Expectation number of cycles in a Erdős–Rényi random directed graph $G(n,p)$
Solution 1:
Let $X$ be the total number of cycles, $X_k$ the number of cycles of length $k$ in $G$, and $Y_k$ the number of cycles of length $k$ in a random graph of size $k$.
Note that:
- ${\sf E}[X] = \sum_{k=2}^n {\sf E}[X_k]$.
- ${\sf E}[X_k] = {n \choose k} {\sf E}[Y_k]$.
- ${\sf E}[Y_k] = (k!/k)p^k = (k-1)!p^k$.

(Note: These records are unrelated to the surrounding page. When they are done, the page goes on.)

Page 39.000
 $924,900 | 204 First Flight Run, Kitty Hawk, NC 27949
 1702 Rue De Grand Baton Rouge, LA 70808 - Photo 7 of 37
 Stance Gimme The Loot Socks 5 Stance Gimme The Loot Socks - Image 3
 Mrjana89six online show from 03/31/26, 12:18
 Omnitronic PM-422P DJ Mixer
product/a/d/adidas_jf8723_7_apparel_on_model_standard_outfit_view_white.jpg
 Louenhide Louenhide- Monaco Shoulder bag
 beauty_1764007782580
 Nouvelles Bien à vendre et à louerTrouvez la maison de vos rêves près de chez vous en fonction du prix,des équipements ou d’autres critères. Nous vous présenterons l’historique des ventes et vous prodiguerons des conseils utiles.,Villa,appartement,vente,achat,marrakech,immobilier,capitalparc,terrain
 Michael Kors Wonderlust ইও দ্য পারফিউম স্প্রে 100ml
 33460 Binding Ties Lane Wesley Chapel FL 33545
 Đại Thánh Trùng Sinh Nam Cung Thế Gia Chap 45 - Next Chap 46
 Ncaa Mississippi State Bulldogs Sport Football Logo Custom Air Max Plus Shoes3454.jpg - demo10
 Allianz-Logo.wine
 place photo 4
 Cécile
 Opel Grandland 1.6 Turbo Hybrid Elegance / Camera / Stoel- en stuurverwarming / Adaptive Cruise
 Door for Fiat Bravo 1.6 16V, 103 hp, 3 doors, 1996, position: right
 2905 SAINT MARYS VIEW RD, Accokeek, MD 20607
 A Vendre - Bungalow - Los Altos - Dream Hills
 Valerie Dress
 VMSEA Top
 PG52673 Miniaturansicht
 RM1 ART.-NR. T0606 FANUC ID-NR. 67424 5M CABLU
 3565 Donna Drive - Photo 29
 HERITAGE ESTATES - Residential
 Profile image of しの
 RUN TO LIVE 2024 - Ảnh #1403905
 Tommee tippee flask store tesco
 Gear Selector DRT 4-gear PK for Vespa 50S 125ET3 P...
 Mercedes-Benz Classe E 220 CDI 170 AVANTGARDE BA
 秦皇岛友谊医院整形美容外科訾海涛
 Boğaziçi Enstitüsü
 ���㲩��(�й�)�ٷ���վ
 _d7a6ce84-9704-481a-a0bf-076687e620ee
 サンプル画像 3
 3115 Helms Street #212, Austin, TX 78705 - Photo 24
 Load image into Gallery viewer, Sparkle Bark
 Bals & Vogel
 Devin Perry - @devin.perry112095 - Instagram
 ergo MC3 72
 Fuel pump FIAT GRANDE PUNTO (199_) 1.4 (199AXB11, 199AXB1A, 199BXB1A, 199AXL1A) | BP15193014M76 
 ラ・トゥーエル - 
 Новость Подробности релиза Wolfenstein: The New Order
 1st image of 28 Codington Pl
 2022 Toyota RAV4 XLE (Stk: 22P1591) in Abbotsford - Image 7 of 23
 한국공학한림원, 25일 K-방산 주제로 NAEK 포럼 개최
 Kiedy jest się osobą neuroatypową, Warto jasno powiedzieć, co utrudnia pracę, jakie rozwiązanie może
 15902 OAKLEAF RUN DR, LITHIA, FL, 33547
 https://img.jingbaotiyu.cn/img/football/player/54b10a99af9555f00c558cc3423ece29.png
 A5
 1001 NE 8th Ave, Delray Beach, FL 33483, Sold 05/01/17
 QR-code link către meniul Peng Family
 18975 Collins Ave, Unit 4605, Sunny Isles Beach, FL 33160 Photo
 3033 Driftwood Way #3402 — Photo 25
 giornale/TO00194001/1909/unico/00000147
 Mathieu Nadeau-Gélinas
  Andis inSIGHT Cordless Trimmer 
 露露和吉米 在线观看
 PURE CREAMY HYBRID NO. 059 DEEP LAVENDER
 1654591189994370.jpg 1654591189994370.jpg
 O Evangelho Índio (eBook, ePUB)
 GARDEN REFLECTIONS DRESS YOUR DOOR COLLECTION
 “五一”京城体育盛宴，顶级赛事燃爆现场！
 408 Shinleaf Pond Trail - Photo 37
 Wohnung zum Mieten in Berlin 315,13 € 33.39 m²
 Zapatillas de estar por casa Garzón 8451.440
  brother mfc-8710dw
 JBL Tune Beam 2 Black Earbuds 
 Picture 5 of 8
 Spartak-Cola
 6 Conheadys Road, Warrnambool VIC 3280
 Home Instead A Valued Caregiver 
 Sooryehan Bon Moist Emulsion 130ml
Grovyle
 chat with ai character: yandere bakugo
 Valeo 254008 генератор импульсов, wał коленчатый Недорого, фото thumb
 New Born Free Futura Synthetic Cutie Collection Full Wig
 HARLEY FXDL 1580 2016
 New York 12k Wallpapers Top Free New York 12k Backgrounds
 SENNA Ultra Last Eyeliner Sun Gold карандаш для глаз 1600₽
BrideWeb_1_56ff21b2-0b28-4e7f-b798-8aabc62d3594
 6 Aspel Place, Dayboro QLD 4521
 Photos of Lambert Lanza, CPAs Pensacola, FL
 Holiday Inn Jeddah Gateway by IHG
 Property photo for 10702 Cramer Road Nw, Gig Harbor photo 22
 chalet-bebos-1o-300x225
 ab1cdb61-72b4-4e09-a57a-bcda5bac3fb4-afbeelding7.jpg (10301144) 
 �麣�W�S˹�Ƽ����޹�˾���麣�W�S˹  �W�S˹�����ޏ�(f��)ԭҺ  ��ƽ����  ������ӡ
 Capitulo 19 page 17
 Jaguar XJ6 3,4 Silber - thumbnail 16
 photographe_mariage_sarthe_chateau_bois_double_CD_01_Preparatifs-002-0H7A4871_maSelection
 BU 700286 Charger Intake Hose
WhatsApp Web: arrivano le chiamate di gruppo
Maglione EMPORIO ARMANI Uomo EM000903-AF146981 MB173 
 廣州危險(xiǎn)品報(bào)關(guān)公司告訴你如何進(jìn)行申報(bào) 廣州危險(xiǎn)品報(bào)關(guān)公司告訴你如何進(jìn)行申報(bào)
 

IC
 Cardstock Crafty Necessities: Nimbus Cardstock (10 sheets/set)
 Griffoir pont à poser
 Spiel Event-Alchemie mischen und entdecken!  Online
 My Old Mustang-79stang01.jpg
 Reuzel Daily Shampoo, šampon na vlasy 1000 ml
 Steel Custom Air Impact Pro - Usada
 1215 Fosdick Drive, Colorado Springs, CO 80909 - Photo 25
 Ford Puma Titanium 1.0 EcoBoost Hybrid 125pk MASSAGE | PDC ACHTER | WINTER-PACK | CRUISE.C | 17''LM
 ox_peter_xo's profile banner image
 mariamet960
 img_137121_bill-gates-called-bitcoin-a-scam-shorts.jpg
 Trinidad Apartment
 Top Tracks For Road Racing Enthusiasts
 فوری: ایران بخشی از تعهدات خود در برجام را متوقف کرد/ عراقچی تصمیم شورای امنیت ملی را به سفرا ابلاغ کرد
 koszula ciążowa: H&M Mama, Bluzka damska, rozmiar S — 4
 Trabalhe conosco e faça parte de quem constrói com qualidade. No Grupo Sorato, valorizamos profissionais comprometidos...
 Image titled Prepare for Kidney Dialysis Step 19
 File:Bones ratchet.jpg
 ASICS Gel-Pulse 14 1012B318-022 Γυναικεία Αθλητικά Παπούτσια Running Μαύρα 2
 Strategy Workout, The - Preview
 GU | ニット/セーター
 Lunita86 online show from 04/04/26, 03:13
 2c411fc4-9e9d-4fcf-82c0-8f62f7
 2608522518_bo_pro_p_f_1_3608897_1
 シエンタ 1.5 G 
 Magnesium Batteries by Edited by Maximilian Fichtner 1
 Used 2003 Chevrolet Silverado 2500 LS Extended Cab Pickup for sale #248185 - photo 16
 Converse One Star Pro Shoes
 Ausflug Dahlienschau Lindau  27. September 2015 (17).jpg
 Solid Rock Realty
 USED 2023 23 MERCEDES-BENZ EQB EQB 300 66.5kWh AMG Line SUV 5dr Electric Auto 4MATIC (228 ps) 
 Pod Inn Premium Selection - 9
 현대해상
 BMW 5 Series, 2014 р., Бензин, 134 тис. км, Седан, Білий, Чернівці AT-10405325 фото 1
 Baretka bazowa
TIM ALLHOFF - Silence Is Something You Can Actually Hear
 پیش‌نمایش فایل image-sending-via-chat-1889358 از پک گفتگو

The last one is because a cycle of length $k$ is a permutation of numbers from $1$ to $k$ but the first vertex does not matter (a cycle does not have a first vertex). The probability of each edge being present is $p$, so the probability of $k$ edges being present is $p^k$.
We have:
\begin{align*} {\sf E}[X] &= \sum_{k=2}^n E[X_k] \\ &= \sum_{k=2}^n {n \choose k} E[Y_k] \\ &= \sum_{k=2}^n {n \choose k} (k-1)! p^k \\ &= \sum_{k=2}^n \frac{n!}{k!(n-k)!} (k-1)! p^k \\ &= \sum_{k=2}^n \frac{n!}{(n-k)!k} p^k \\ &= \sum_{k=2}^n \frac{n\ldots (n-k+1)}{k} p^k \\ \end{align*}
For a simple lower bound we can drop the first half of the sum: \begin{align*} &\geq \sum_{k=n/2}^{n} \frac{n\ldots (n-k+1)}{k} p^k \\ &\geq \sum_{k=n/2}^{n} \frac{(n/2)^{k}}{n} p^k \\ &\geq \frac{1}{n}\sum_{k=n/2}^{n} (np/2)^{k} \\ &= \frac{(\frac{np}{2})^{n+1}-(\frac{np}{2})^{\frac{n}{2}}}{\frac{np}{2}-1} \end{align*}